Outside of the cities, the perennial draw remains the western fjords – a must, and every bit as scenically stunning as the publicity suggests. Dip into the region from Bergen or Ålesund, both accessible by public transport from Oslo, or take more time to appreciate the subtle charms of the tiny, fjordside villages, among which Balestrand, Lofthus, Loen, Flåm, Ulvik and Mundal are especially appealing. This is great hiking country too, with a network of cairned trails and lodges (maintained by the nationwide hiking association DNT) threading along the valleys and over the hills. However, many of the country’s finest hikes are to be had further inland, within the confines of a trio of marvellous national parks: the Hardangervidda, a vast mountain plateau of lunar-like appearance; the Rondane, with its bulging mountains; and the Jotunheimen, famous for its jagged peaks. Nudging the Skagerrak, the south coast is different again. The climate is more hospitable, the landscape gentler and the coast is sprinkled with hundreds of little islands. Every summer, holidaying Norwegians sail down here to explore every nautical nook and cranny, popping into a string of pretty, pint-sized ports, the most inviting being Arendal and Mandal, the latter the proud possessor of the country’s finest sandy beach.

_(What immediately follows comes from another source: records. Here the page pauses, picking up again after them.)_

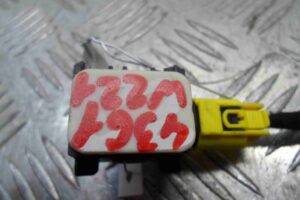 Изображение товара 99444 - 00099444 datchik udara Ford Scorpio 2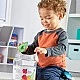 Learning Resources φρούτα για συναρμολόγηση, 8 κομμάτια
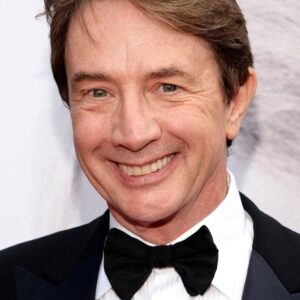 تصویر هنرمند Martin Short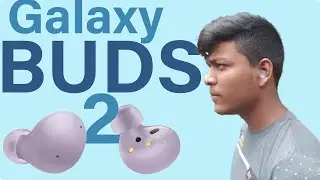 samsung galaxy buds 2 review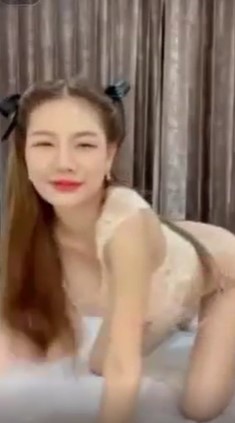 ลูกว้า เน็ตไอดอลคนดัง โชว์สวยๆ Lookwa
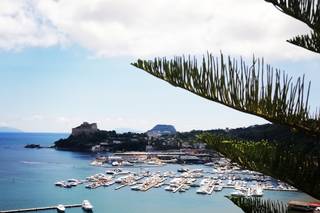 Villa Rossana Baia 1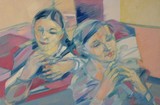 by Caballero Salguero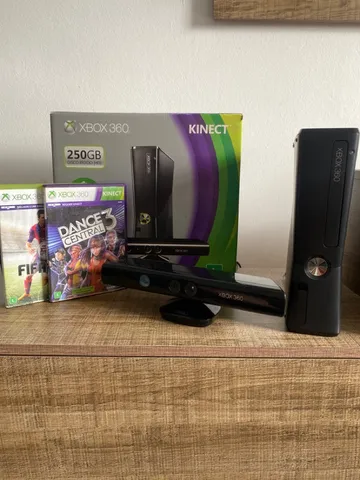 Mario xbox 360  +192 anúncios na OLX Brasil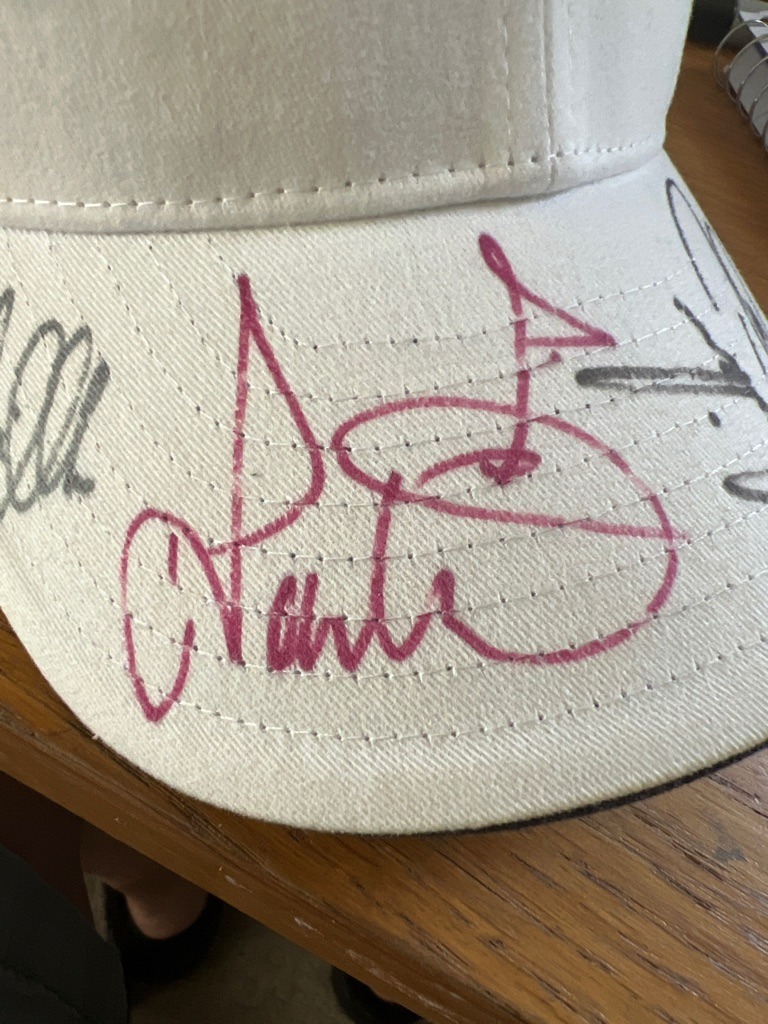 Pink (Alecia Beth Moore)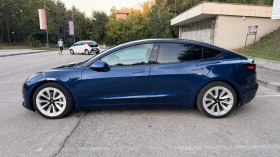 Tesla Model 3 Long Range AWD, снимка 2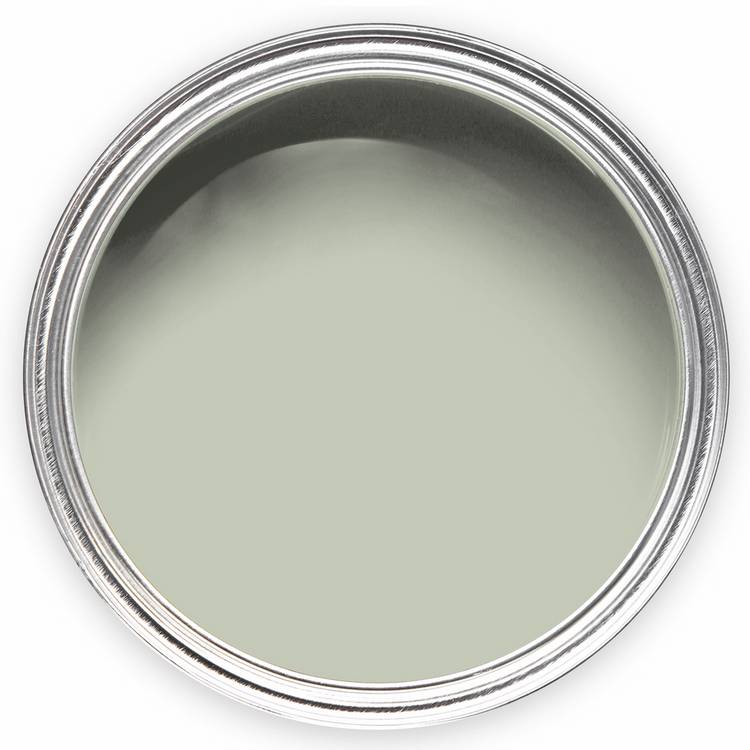 Annie Sloan Wall Paint Cotswold Green 2.5L (British brand)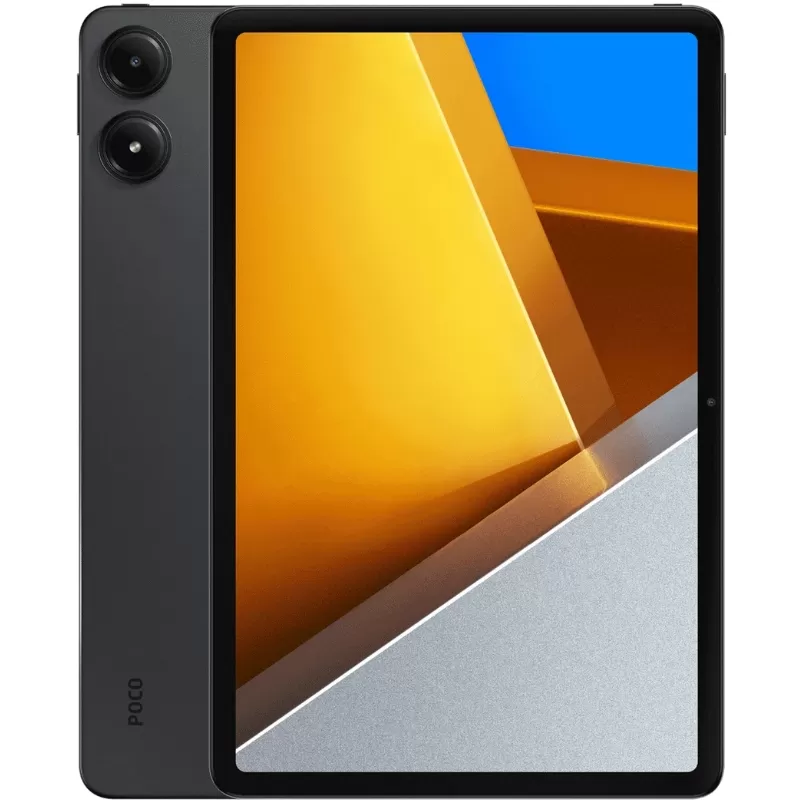 Tablet Xiaomi Poco Pad WiFi 12.1" 8/256GB - Grey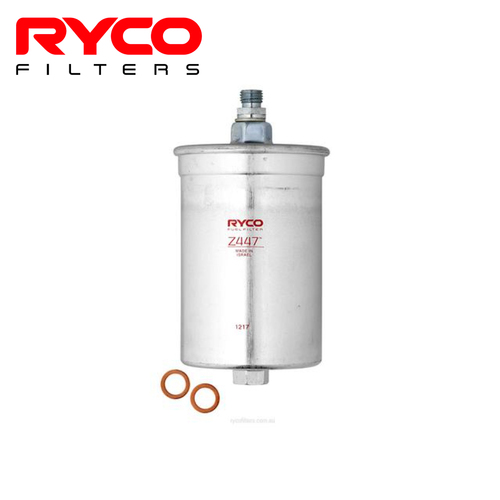 Ryco Fuel Filter Z447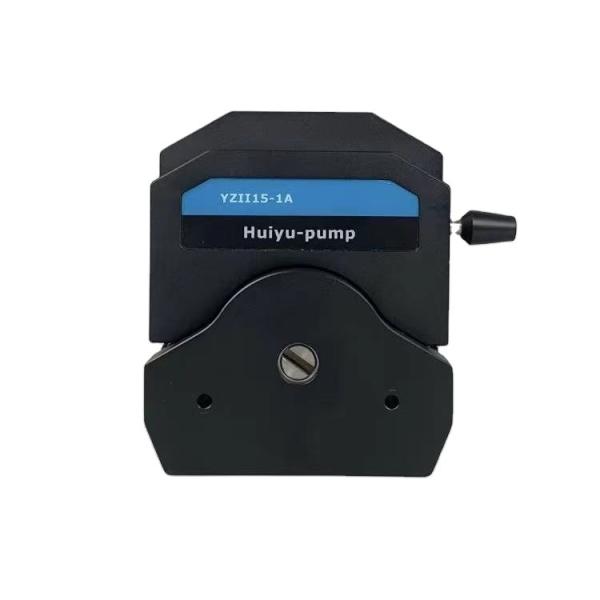 Buy cheap Peristaltic Pump Head Pump Head With Large Flow Rate And High Precision from wholesalers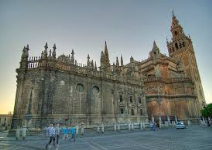 Visita de la Catedral de Sevilla para mayores de 13 años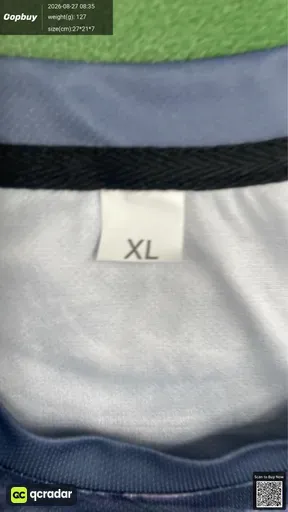QC photo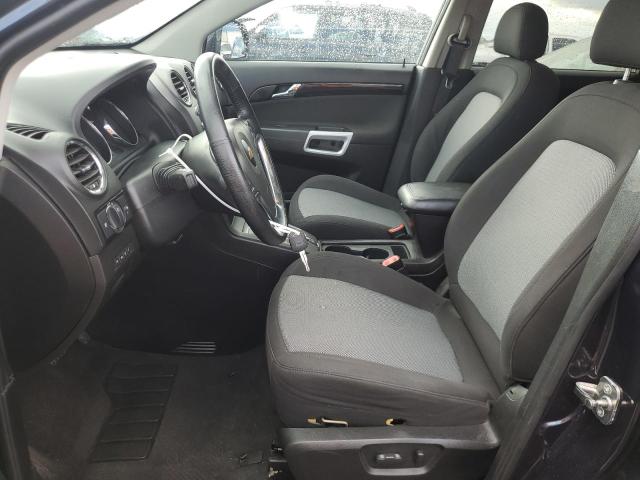 3GNAL2EKXFS502170 - 2015 CHEVROLET CAPTIVA LS BLUE photo 7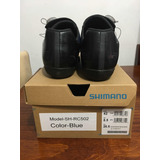 Zapatilla Ruta Shimano Rc502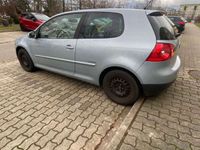 gebraucht VW Golf V 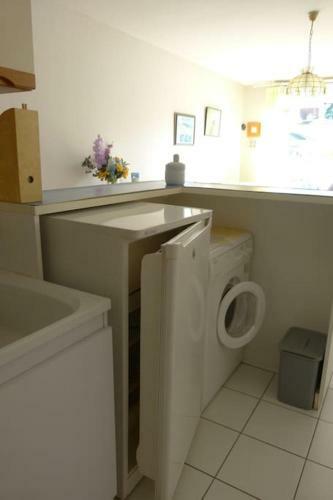 Apartamento Charmant T2 *** Coeur De Ville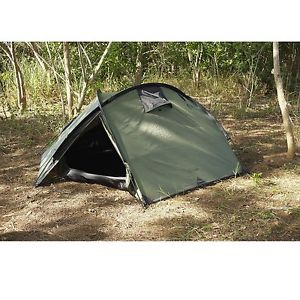 Sleeping Tents Dry Cover Outdoors Warm Roomy Snugpak The Bunker Tent in Olive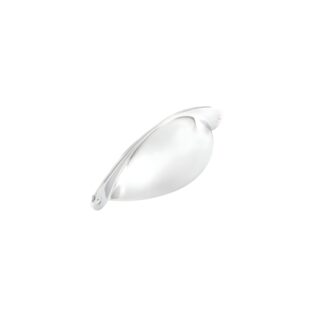 Momo Handles Florencia Cup Pull 64mm Chrome Plated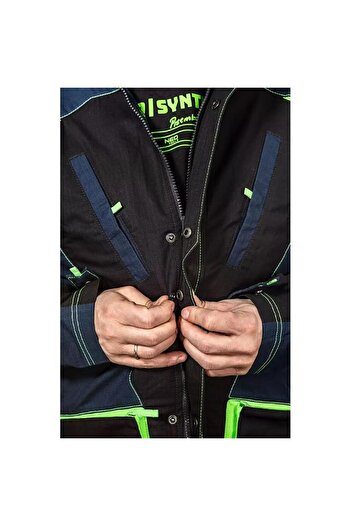 NEO Work jacket, Moto model, cotton, size M/50,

Hiking remains the most popular summer pastime in Norway, but there are alternatives galore, from whitewater rafting – for example at Voss – sea-kayaking at Flåm, and guided glacier walks on the Jostedalsbreen. In winter, it’s all change when the Norwegians take to cross-country skiing in their droves, shooting off across the Hardangervidda mountain plateau, for example, from Finse, though some prefer Alpine skiing and snowboarding at specialist ski resorts like Geilo and Oslo’s Holmenkollen.
Away to the north, beyond Trondheim, Norway grows increasingly wild and austere – two traits that make it perfect for off-the-beaten-track adventurers – as it humps and lumps across the Arctic Circle on the way to the modern, workaday port of Bodø. From here, ferries shuttle over to the rugged Lofoten islands, which hold some of the most ravishing scenery in the whole of Europe – tiny fishing villages of ochre- and red-painted houses tucked in between the swell of the deep blue sea and the severest of grey-green mountains. Back on the mainland, it’s a long haul north from Bodø to the iron-ore town of Narvik, and on to Tromsø, a delightful little city huddled on an island and with plenty of Arctic charm. These towns are, however, merely the froth of a vast wilderness that extends up to Nordkapp (North Cape), one of the northernmost points of mainland Europe, and the spot where the principal tourist trail peters out. Yet Norway continues east for several hundred kilometres, round to remote Kirkenes near the Russian border, while inland stretches an immense and hostile upland plateau, the Finnmarksvidda, one of the last haunts of the Sámi reindeer-herders. And finally, a short flight away, there is the wondrous chill of Svalbard, rising remote in the Arctic seas, islands of rolling glaciers and ice-glazed mountains where the snowmobile or Zodiac is more useful than a car.